## Exercise objective
The answer is to be the lines below that lie between the line holding "Чашка чайная ажурная" and the line holding "Адаптер манометра ISO", inclusive, transcribed exactly and free of pictures.

## Material provided
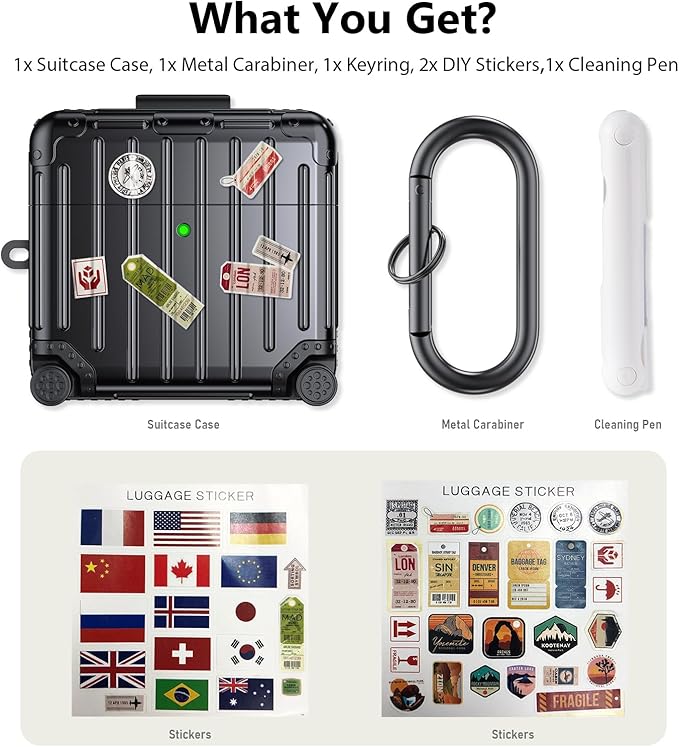 Filoto Compatible with Airpods 4 Case, Cute Fashion Suitcase Design for Airpods 4th Generation Case Cover, Shockproof Protective Hard Case with Keychain/Cleaner Kit (Black, Airpods 4 Case)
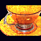 Чашка чайная ажурная из янтаря с ложкой с декором из белой бронзы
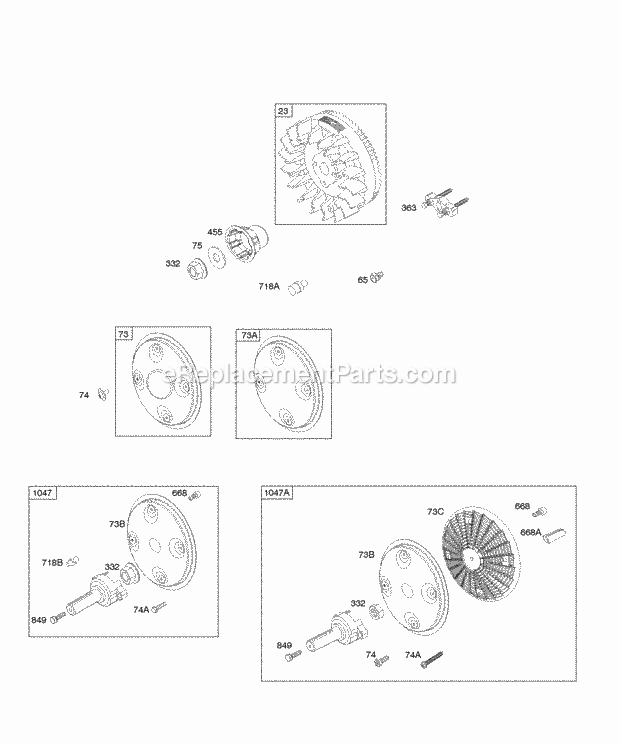 Briggs and Stratton 305447-0150-E1 Engine Governor Spring Controls Diagram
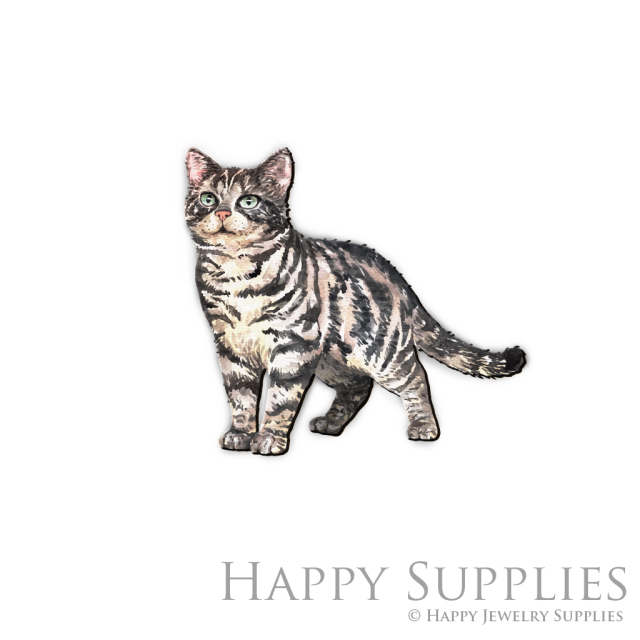 Handmade Jewelry Making Supplies Beads Cut Wooden Charm Cat For DIY Necklace Earring Brooch (CW458)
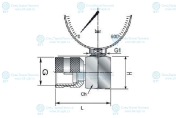 Адаптер манометра ISO 228 G 1/2" - к точке контроля M16x2
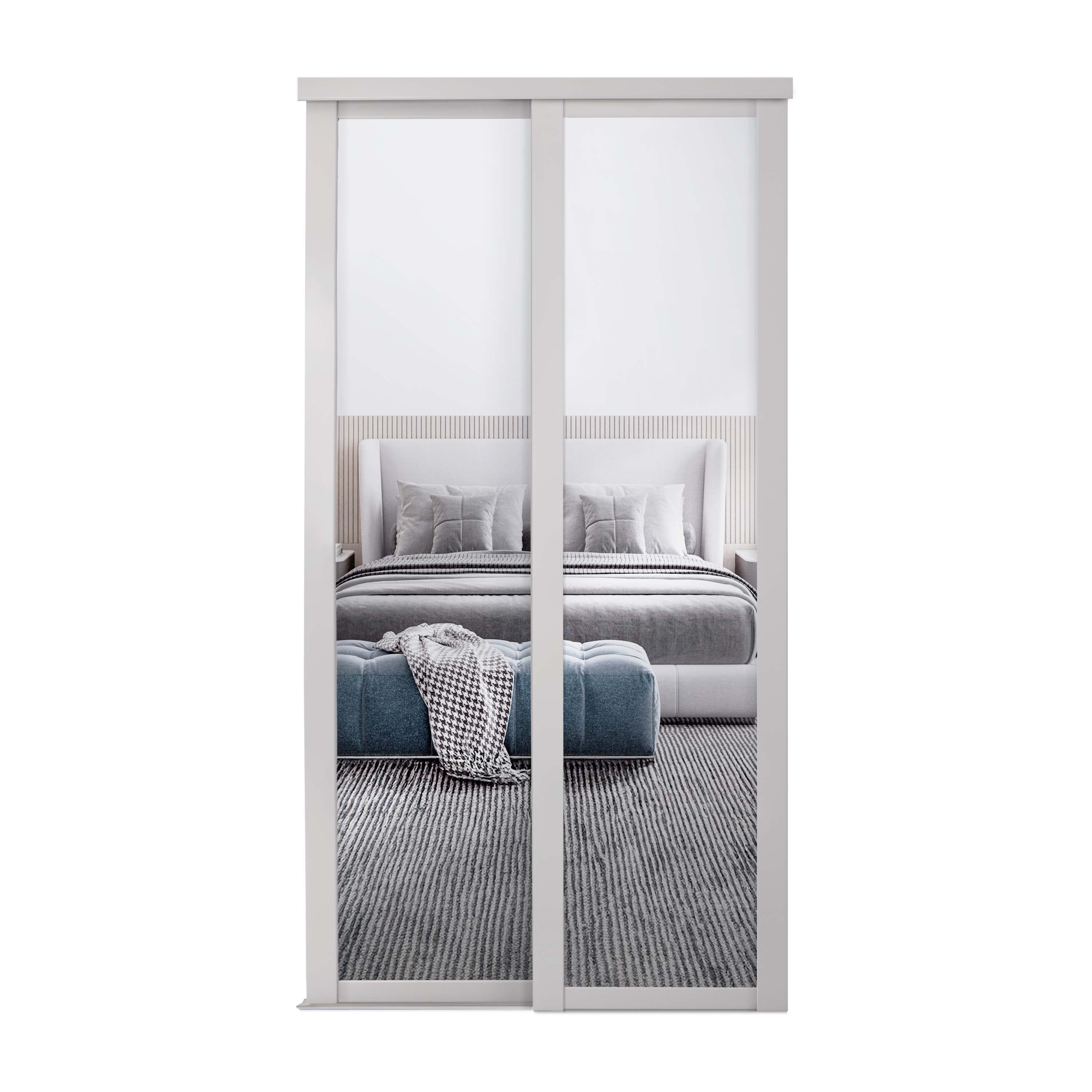 Spacepro Shaker 2 Door sliding wardrobe Kit Mirror Cashmere frame (w)1449mm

## Solved problem
 Чашка чайная ажурная из янтаря с ложкой с декором из белой бронзы
 Briggs and Stratton 305447-0150-E1 Engine Governor Spring Controls Diagram
 Handmade Jewelry Making Supplies Beads Cut Wooden Charm Cat For DIY Necklace Earring Brooch (CW458)
 Адаптер манометра ISO 228 G 1/2" - к точке контроля M16x2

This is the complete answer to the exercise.